C’est le cas de Ian Sénéchal, conseiller en sécurité financière auprès de Conseiller.net et représentant en épargne collective auprès d’Investia Services Financiers Inc. Il est aussi coauteur de l’ouvrage D’endetté à millionnaire.

« Depuis le début de ma carrière en 2011, il y a des changements réglementaires presque chaque année en investissement ou en assurances, affirme-t-il. J’ai choisi depuis longtemps de m’adapter rapidement et efficacement à chacun de ceux-ci, sans perdre mon temps à les combattre. Mon mantra, c’est adapte-toi rapidement ou tu vas avoir du trouble! »

Ce qui ne veut pas dire qu’il n’a aucune opinion sur le projet de loi 141. En fait, il se dit déçu que le ministre ait reculé sur la question de la fusion des deux chambres à l’AMF. Selon lui, la multiplication des changements réglementaires ces dernières années découle en grande partie de la multiplication des organismes régulateurs.

« Tout le monde veut changer les choses et nous, qui sommes au milieu de tout ça, on a l’impression de se faire bombarder, déplore-t-il. S’il n’y avait qu’un seul organisme canadien, ça ferait mon bonheur. En investissement, je paie un permis en Ontario, au Québec, au Nunavut et en Colombie-Britannique pour m’occuper d’une clientèle en expansion, qui bouge rapidement et change de province souvent. »

Il partage l’intérêt affiché par le ministre pour le principe d’un guichet unique. « Si les conseillers sont mêlés dans tout ça, imaginez comment les clients lésés font pour trouver les bonnes ressources pour les aider! », lance-t-il.

UNIR LES CONSEILLERS

De son côté, Daniel Guillemette, président de Diversico, s’attriste plutôt de la division que semble révéler le sondage de Conseiller.

« J’ai l’impression que certains vont en conclure que les conseillers sont extrêmement divisés et que, conséquemment, tous les changements législatifs qui seront faits à leur détriment n’auront aucune conséquence, explique-t-il. Nos associations n’ont pas encore réussi à créer cette unité passionnelle qui caractérisait l’époque de l’Association des intermédiaires en assurance de personnes du Québec (AIAPQ).

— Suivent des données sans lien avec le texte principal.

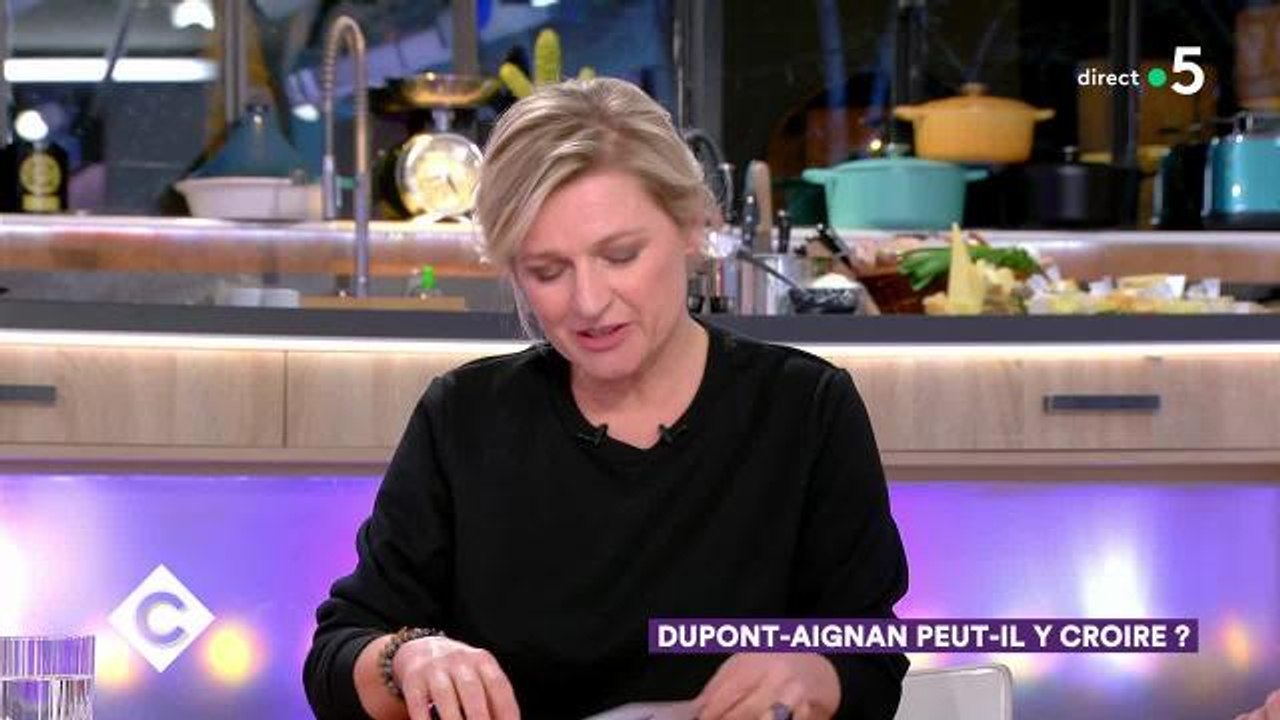 Nicolas Dupont-Aignan prié de quitter le plateau à la demande d'Anne-Elisabeth Lemoine - C à vous mercredi 6 mars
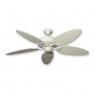 Raindance Bamboo Palm Ceiling Fan - Antique White Blades (bamboo side shown)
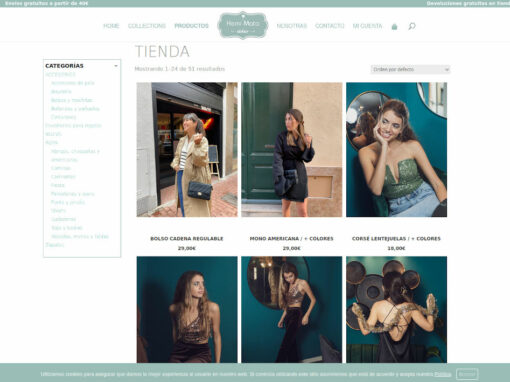 Web corporativa i botiga online de roba i complements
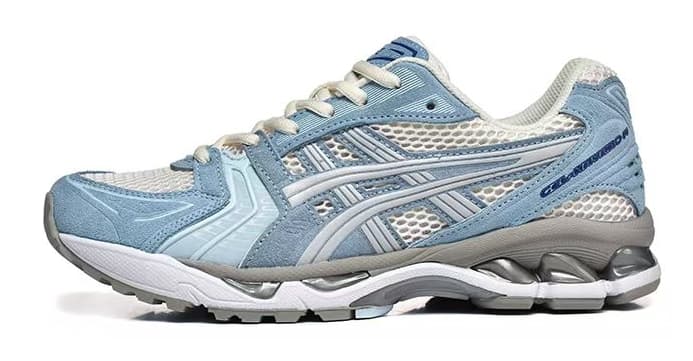 Chaussures de course Gel Kayano 14 Design, semelle résistante, confort optimal, idéales pour l'entraînement.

L’AIAPQ était l’organisation qui a précédé la CSF de la fin des années 1990 à l’an 2000. Elle visait à protéger le public en inspectant, surveillant, disciplinant et formant ses membres. Elle est disparue, mais tous ne l’ont pas oubliée. En janvier 2014, Flavio Vani, président de l’Association des professionnels en services financiers (APCSF), regrettait ouvertement sa disparition dans un article de Conseiller, arguant que les représentants n’avaient plus vraiment voix au chapitre depuis sa dissolution.

De son côté, Daniel Guillemette espère que le mouvement Asteris aura un effet rassembleur pour les conseillers indépendants. Lancé en 2018, Asteris veut regrouper ces conseillers et leur fournir une accréditation attestant de leur indépendance dans tous les aspects qui entourent leur pratique, en plus de développer des pratiques plus uniformes.

Quant au projet de loi 141, il reste difficile d’estimer ses répercussions, puisqu’il faut encore attendre de connaître les règlements qui en détermineront l’application. Reste à voir s’ils viendront modifier le regard que les conseillers portent sur cette imposante pièce législative.